Regarding the threats to vision with diabetic retinopathy, which are treatable?

Macular edema
Vitreal hemorrhage
Neovascular glaucoma
Traction retinal detachment

With maculopathy, what are the threats to vision? Which is treatable?

Edema (treatable)
Non-perfusion (ischemia) - doesn't respond well to treatments as well as edema.

Can you diagnose macular edema based upon visual acuities?

Maybe. An OCT would be best to diagnose ME. A patient could still have good acuities so it shouldn't be the guiding factor.

What are the three rules for diagnosing CSME?

1) Retinal thickening within 1/3 DD of center of fovea
2) Hard exudates within 1/3DD of center of fovea with associated retinal thickening
3) 1DD of thickening - at least part is within 1DD of center of fovea
Just need 1 to diagnose

What 2 things are missing from the rules to diagnosing CSME?
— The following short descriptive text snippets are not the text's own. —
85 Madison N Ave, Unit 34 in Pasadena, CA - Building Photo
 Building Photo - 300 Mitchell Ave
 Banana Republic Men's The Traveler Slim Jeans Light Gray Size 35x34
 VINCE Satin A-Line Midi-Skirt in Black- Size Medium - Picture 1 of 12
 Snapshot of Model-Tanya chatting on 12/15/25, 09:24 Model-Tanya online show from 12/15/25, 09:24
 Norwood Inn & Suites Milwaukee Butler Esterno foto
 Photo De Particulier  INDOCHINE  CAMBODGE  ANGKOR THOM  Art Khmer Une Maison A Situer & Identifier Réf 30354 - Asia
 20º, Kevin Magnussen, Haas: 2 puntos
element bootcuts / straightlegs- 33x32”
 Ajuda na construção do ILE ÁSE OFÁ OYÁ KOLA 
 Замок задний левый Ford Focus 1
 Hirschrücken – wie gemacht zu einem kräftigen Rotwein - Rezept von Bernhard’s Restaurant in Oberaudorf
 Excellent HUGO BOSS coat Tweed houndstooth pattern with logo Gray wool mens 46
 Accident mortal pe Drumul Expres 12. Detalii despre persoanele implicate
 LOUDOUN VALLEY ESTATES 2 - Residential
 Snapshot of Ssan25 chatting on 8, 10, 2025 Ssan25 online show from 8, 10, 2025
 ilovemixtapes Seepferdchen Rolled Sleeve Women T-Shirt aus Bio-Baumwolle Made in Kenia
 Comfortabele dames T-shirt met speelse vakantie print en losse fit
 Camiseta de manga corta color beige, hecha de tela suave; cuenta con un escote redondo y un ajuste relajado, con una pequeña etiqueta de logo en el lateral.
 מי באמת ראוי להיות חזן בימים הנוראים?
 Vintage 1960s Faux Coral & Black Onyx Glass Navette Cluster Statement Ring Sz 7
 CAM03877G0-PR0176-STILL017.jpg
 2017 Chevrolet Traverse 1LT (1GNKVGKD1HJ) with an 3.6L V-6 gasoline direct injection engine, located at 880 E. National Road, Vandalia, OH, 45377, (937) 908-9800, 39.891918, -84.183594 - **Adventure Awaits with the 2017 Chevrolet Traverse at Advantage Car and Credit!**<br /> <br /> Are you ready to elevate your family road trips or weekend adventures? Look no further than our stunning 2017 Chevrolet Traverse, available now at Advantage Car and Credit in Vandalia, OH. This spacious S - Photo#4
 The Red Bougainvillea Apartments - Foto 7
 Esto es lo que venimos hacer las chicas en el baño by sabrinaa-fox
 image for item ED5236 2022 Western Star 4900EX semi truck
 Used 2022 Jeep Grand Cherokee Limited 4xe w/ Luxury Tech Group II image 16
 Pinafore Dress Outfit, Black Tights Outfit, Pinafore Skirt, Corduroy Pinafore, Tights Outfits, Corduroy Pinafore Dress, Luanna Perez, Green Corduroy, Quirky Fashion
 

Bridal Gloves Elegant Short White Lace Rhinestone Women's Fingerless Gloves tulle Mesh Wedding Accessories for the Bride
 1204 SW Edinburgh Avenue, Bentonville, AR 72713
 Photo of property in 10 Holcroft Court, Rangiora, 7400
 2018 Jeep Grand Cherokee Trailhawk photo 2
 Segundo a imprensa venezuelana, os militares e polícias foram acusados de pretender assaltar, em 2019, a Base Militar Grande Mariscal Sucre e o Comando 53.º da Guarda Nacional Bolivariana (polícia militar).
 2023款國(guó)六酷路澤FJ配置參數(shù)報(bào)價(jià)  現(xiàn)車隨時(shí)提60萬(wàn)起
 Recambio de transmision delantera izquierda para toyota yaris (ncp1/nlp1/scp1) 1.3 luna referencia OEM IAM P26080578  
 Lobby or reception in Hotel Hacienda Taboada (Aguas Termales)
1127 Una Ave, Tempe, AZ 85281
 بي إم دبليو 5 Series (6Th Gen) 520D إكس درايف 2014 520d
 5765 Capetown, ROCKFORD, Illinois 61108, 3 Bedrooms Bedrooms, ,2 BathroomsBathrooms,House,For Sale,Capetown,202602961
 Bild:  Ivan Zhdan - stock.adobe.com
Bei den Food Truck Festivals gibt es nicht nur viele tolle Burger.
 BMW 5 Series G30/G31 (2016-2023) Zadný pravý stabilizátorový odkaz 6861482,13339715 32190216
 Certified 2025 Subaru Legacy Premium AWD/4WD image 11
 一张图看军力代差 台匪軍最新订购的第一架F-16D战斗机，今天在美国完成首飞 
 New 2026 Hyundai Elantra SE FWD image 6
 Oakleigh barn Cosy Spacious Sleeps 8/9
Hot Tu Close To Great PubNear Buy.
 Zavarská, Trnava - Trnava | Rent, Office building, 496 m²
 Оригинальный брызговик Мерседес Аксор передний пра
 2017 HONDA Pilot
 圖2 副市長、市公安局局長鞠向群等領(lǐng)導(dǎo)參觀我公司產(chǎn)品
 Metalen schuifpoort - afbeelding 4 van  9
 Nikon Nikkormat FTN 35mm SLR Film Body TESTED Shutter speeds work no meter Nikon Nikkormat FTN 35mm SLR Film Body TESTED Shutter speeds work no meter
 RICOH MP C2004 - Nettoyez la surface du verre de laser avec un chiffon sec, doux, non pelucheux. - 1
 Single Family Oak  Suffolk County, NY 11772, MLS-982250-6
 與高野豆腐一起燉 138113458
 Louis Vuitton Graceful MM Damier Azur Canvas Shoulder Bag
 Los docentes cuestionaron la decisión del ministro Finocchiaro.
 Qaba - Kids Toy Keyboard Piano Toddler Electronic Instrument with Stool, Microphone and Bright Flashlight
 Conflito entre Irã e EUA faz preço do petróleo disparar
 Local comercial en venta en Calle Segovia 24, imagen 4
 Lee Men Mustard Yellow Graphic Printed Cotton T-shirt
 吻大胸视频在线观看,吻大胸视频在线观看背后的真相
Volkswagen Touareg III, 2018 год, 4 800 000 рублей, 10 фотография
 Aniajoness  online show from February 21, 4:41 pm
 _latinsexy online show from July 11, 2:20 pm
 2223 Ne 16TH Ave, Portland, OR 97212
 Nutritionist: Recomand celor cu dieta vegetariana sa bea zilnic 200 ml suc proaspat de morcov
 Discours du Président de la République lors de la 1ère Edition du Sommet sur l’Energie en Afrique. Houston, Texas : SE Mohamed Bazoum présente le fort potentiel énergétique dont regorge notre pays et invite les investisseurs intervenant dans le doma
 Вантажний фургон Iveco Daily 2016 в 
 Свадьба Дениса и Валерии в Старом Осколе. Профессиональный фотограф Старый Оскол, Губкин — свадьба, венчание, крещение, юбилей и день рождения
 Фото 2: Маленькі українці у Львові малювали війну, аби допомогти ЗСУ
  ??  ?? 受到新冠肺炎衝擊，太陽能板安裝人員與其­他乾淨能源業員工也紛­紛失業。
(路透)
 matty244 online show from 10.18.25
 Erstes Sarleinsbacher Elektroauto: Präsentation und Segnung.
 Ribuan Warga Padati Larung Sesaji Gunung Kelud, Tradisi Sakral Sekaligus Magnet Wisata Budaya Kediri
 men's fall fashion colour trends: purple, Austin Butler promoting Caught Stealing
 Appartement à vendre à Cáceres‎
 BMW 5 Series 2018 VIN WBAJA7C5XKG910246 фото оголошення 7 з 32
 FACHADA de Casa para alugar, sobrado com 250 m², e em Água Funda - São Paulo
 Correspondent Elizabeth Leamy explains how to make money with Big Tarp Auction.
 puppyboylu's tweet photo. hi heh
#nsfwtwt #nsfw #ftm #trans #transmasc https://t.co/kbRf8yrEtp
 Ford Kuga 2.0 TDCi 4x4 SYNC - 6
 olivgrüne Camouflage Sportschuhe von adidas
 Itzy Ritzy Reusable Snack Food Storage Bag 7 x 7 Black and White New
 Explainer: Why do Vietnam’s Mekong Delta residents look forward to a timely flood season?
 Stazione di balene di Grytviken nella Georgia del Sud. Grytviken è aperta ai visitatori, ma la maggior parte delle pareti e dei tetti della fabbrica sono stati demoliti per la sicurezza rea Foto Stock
1) OCT - didn't have at the time
2) Hemes - don't really put at risk for macular edema

How is Fluorescein Angiography used in diabetes?

To differentiate between Edema and non-perfusion - shows wehre/how to treat.

What are the 3 best diagnostic tests an optometrist can use to diagnose CSME?

1) OCT
2) BIO and retinal biomicroscopy
3) FLAN if needed

If you have a patient with a vitreous hemorrhage - what test can you use to check for retinal detachments?